I’m a regular on Paul Graham’s Hacker News site, but I had a hard time following the conversations and getting the full value of the site until I would hystry.com by Kartik Agaram. Kartik scraped all of the comments from Hacker News and displayed them with some extra formatting and features. There were some neat things like the ability to filter out conversations you were unintereested in and see all the parents any comment. But the thing I liked most was the way each comment had the article it related to next to it so it was easy to visually filter conversations.
Well, one day it just stopped loading new comments. I figured it was temporary and waited a day or two for it to come back, but when it didn’t, I emailed Kartik to see what was going on. He said his crawler’s email address was banned because it was putting too much of a load on the Hacker News server. That was certainly reasonable of pg to do, but I wanted to make sure he knew that I found hystry’s features to be valuable. I thought the best way to let Paul know would be to post a request on Hacker News, with a slightly inflammatory title (Reinstate hystry’s Hacker News) and a much more polite request in the text field.
What happened after that is pretty amazing. It’s worth reading through the entire thread, noting the time stamps for when things happened. To make a long story short, Paul made three changes to his running site in real time response to a dialog he was having on that discussion thread. Total time for feature request, notification, communication, two design iterations and a bug fix: 7 hours. Here’s a timeline of what happened: (note: I can’t say exactly how long this took because posts over an hour old don’t show minutes)
- Start – I make the request to let hystry crawl again because I like the way they displayed the content
- After 3 hours – After some other people commented on the issue, Paul explains that it was hard on his server and asks if I’d like anything changed on Hacker News itself
- After 4 hours – I make my recommendation and Paul makes a change to the live site within the hour
- After 5 hours – Someone recommends an alternative design and Paul implements that suggestion, again withing the hour
- After 6 hours – I notice a bug and point it out
- After 7 hours – Paul fixes the bug
Here’s what the new site looks like with the root link shown:
How did Paul make these changes so fast? Hacker News is written in Arc, his new language built on top of MzScheme. I don’t know whether the web server is his own or if it comes with MzScheme, but he has REPL access to the running server. So he made changes to the site’s code while it was running and changes were instant. Hacker News doesn’t have customers per se, but choice of technology and architecture let him provide an unforgettable user experience. This should certainly raise an eyebrow for anyone who has had deployment or downtime issues while making changes to their site.

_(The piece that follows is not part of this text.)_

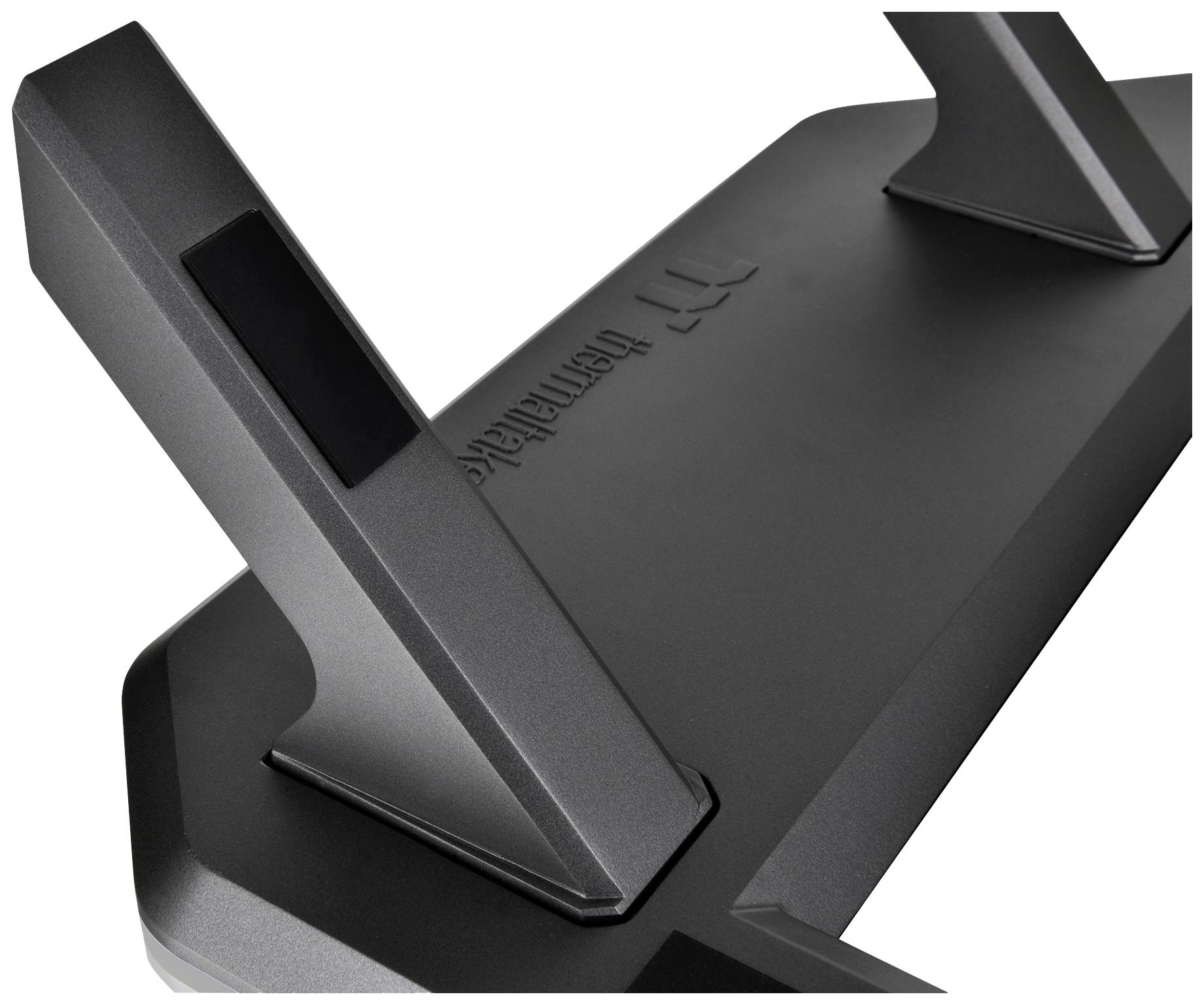 Thermaltake The Tower 300 PC-Gehäuse Ständer Schwarz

If one of your users had a reasonable feature request, how long would it take you to publish it?
Comments at programming.reddit.com
First spewing-Coke-out-my-nose funny comment of the day: “Nice. Here I thought this was an article about Graham rewriting some history. I was pleasantly surprised.” -now look back at the title of the article. Thanks boredzo!
UPDATE: Several people have pointed out that this isn’t some technological miracle and you could do the same thing with X (for many values of X). I know. That’s why I spent about 5% of the article on it. I was impressed with his response to unsolicited feedback that was sent to him indirectly, and that he didn’t just slap out the change, he made two design iterations and a bug fix while communicating almost live with users. Much more of a social and business feat than technological.